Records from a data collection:
========================================

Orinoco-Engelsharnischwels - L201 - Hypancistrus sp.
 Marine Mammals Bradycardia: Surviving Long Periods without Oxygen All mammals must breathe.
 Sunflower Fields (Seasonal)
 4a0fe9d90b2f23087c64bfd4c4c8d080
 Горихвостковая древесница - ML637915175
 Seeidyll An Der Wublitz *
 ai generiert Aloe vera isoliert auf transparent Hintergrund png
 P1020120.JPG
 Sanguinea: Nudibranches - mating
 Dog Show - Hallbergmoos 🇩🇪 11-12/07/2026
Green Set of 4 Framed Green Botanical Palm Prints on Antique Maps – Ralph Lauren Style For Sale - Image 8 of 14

========================================

• [Requirement]
Every line from the one containing "Seeidyll An Der Wublitz *" through the last line above should be retyped exactly; no other lines are wanted.

• [Written response]
 Seeidyll An Der Wublitz *
 ai generiert Aloe vera isoliert auf transparent Hintergrund png
 P1020120.JPG
 Sanguinea: Nudibranches - mating
 Dog Show - Hallbergmoos 🇩🇪 11-12/07/2026
Green Set of 4 Framed Green Botanical Palm Prints on Antique Maps – Ralph Lauren Style For Sale - Image 8 of 14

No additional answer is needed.